Athènes, Grèce –

Le parti néo-nazi Aube dorée garde sa place du troisième force politique de Grèce après les élections législatives.

Lors du scrutin de dimanche dernier, l’Aube dorée a obtenu 6,3 % des votes, et a ainsi pu gagner 17 sièges au Parlement grec qui compte 300 sièges. Presque tous les votes ont été comptés.

Il manque un siège au parti d’extrême gauche Syriza pour avoir la majorité au parlement et ainsi gouverner sans coalition.

Une grande majorité des Grecs ont été séduits par la promesse du parti de mettre fin à six ans d’austérité économique.

Le parti du Premier ministre Antonis Samaras, Nouvelle Démocratie, est arrivé à la deuxième place de ces élections avec 27,9 % des votes.

L’Aube dorée n’était que légèrement en-dessous des 6,9 % des voix et des 18 sièges obtenus lors de l’élection de 2012 et cela en dépit d’une vague de répression de cette dernière année qui a vu la plupart des hauts dirigeants du parti emprisonnés pour des accusations d’être à la tête d’une organisation criminelle violente.

Le parti, qui utilise fréquemment les symboles nazis, a été accusé d’être derrière des dizaines d’attaques racistes commises contre les immigrés. Ses dirigeants ont aussi nié l’existence des camps de la mort nazis et des chambres à gaz.

Tentant de sévir contre Aube dorée, les législateurs grecs ont récemment adopté une loi appliquant des sanctions plus sévères pour incitation à la violence raciale et la négation de l’Holocauste, mais cette loi ne peut pas être appliquée rétroactivement. Il n’est pas encore possible de savoir si le gouvernement nouvellement élu poursuivra la répression contre Aube dorée.

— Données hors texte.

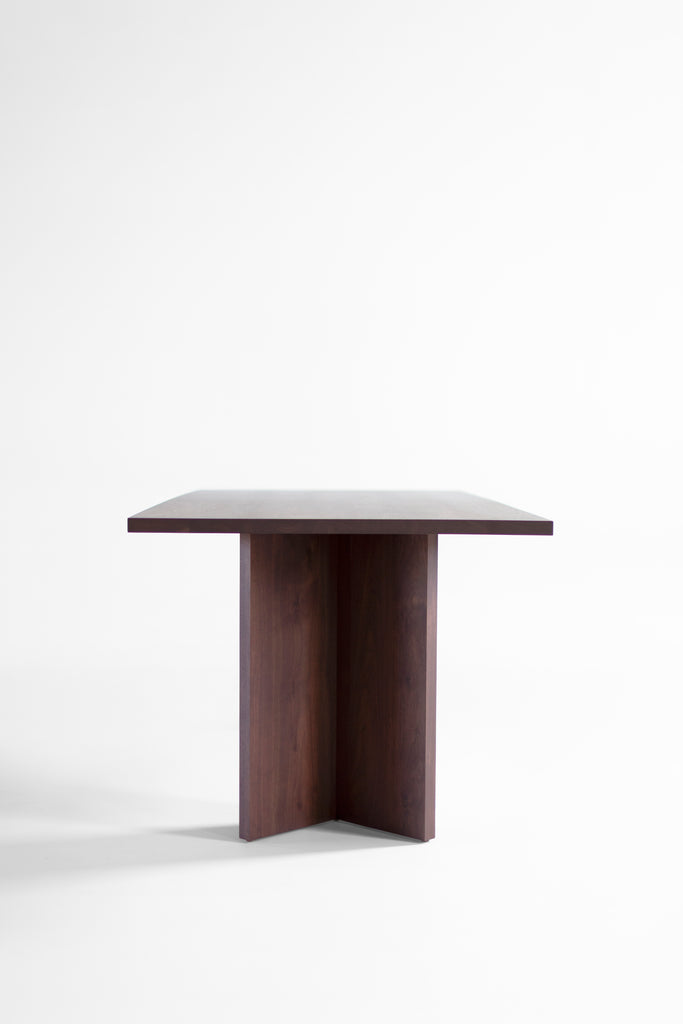Walnut Dining Triad Table, image 4
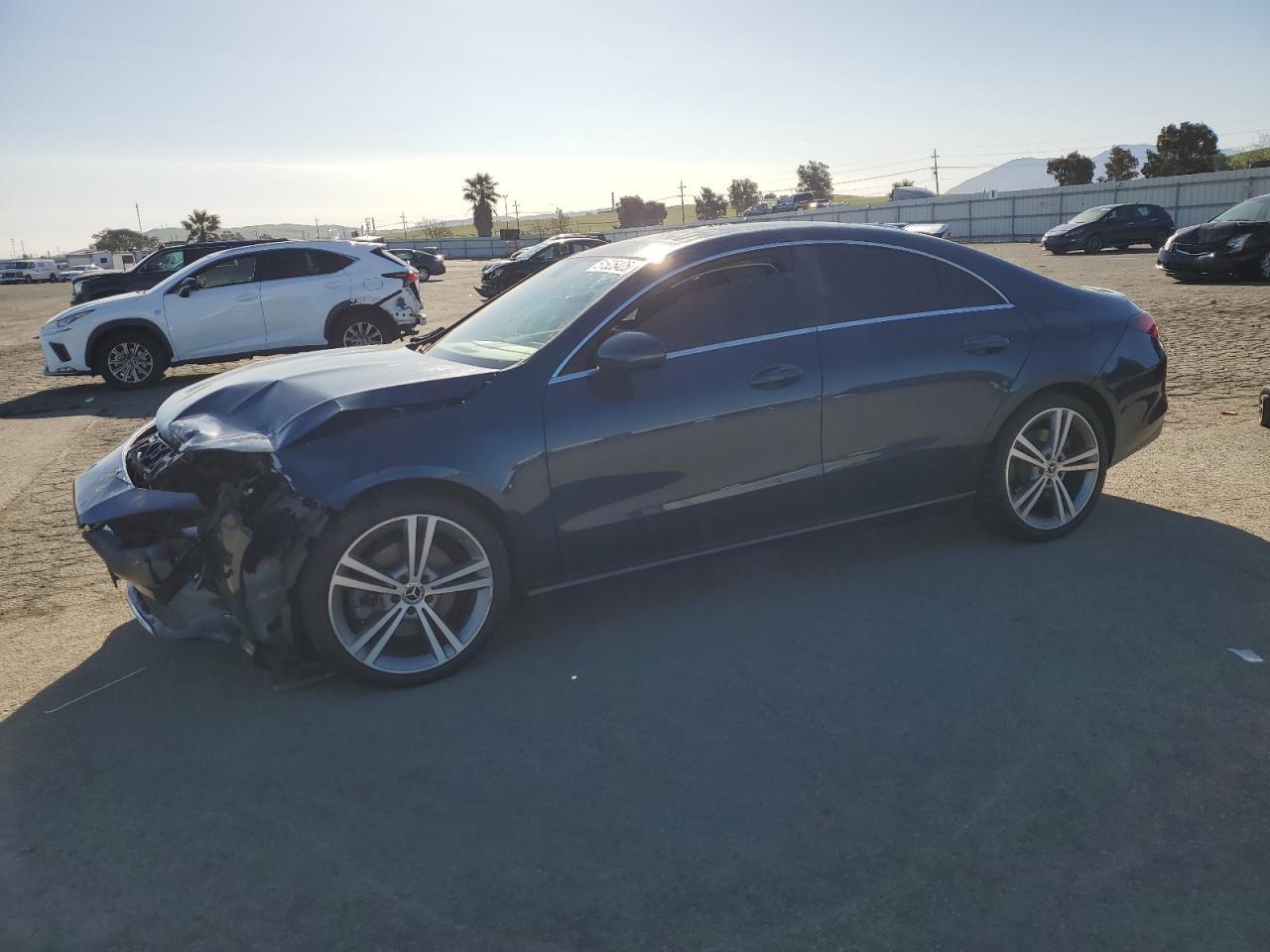 2020 Mercedes-Benz Cla 250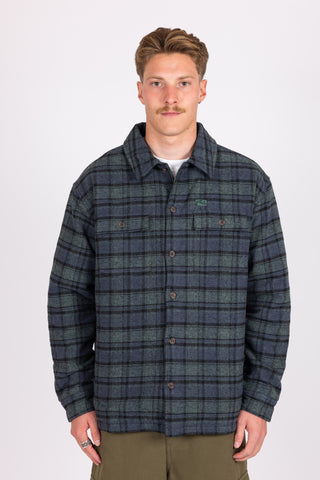 The Whale Quilted Flannel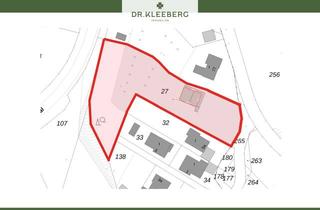 Grundstück zu kaufen in 49545 Tecklenburg, Voll erschlossenes Grundstück für großzügige Mehrfamilienhaus-Bebauung in Tecklenburg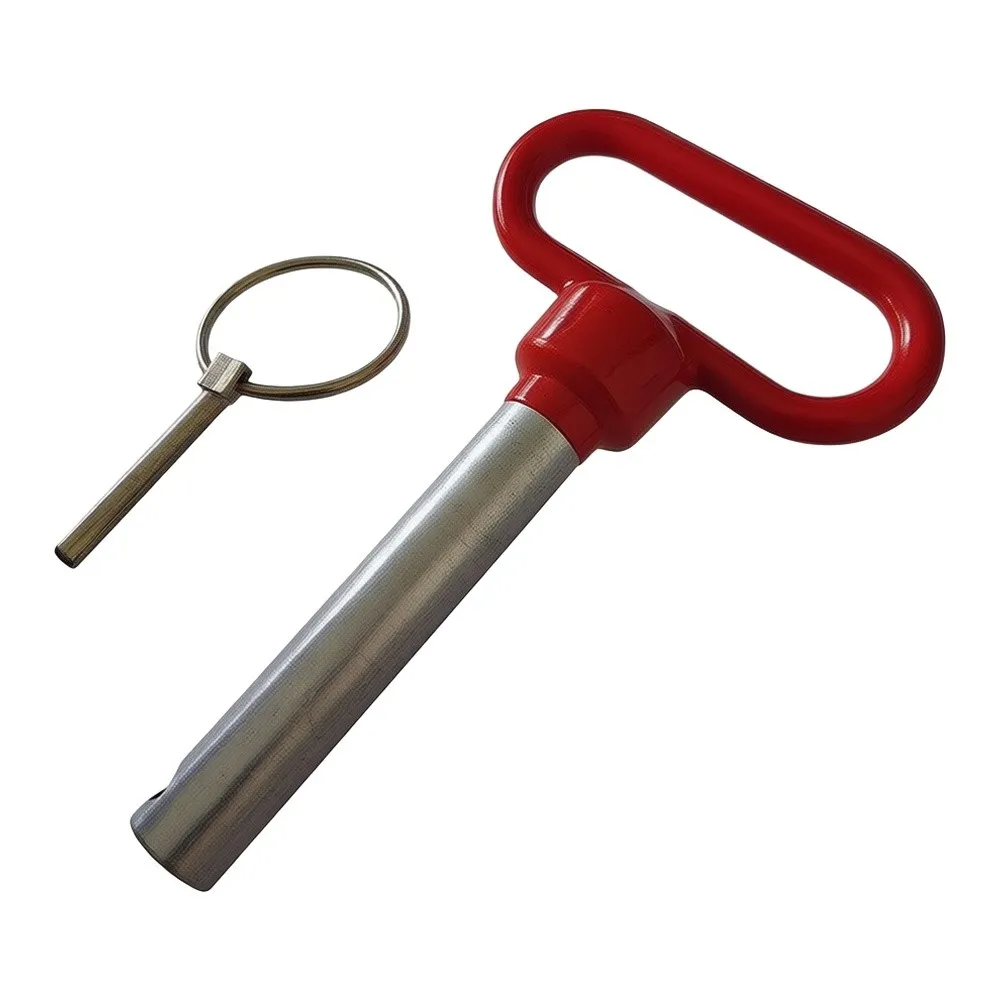 for Red Head Latch Pin for Power Rack and Squat Rack Designed for Secure Fit in Multi-Functional Fitness Equipment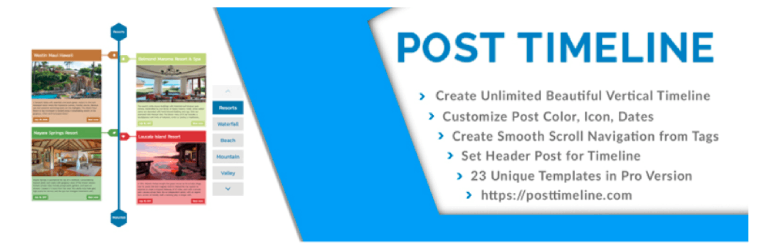 WordPress Web サイト向けの 7 つ以上の無料タイムライン プラグイン 3 New Project 15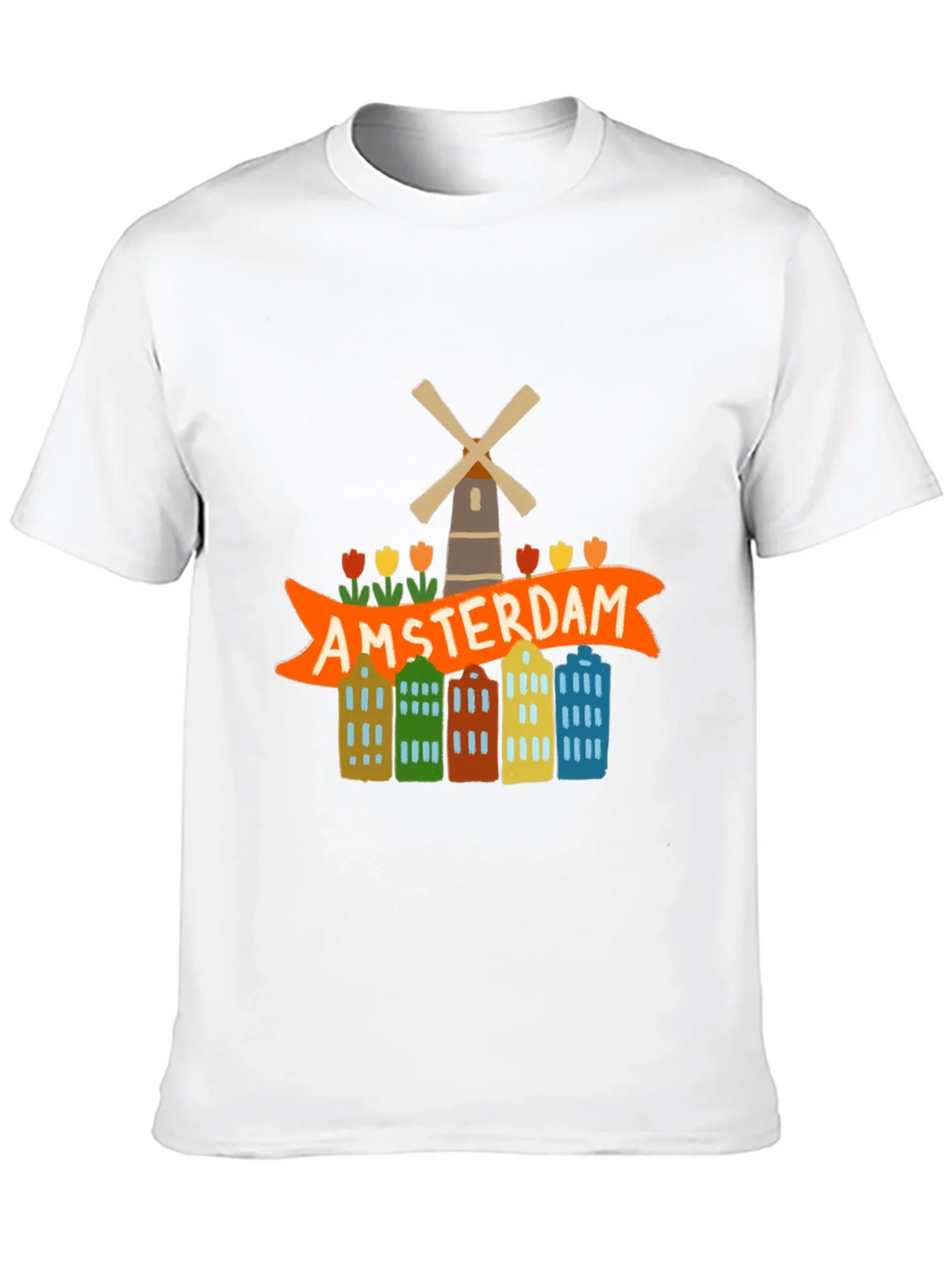 Amsterdam Graphic Tee - Tourist Souvenir T-Shirt product image 9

Le Comité juif américain a appelé lundi le Premier ministre nouvellement élu, Alexis Tsipiras, à continuer de mener une politique répressive contre Aube dorée et a aussi exprimé sa consternation au sujet des résultats de ce parti.

« Nous espérons que le gouvernement dirigé par Syriza continuera à mettre en place les mesures prises ces dernières années, s’assurera que les communautés minoritaires, qui font partie intégrante de la Grèce, continueront à être protégées et respectées et agissent pour qu’il n’y ait pas de place pour l’antisémitisme dans la société grecque », a déclaré David Harris, le directeur du Comité juif américain.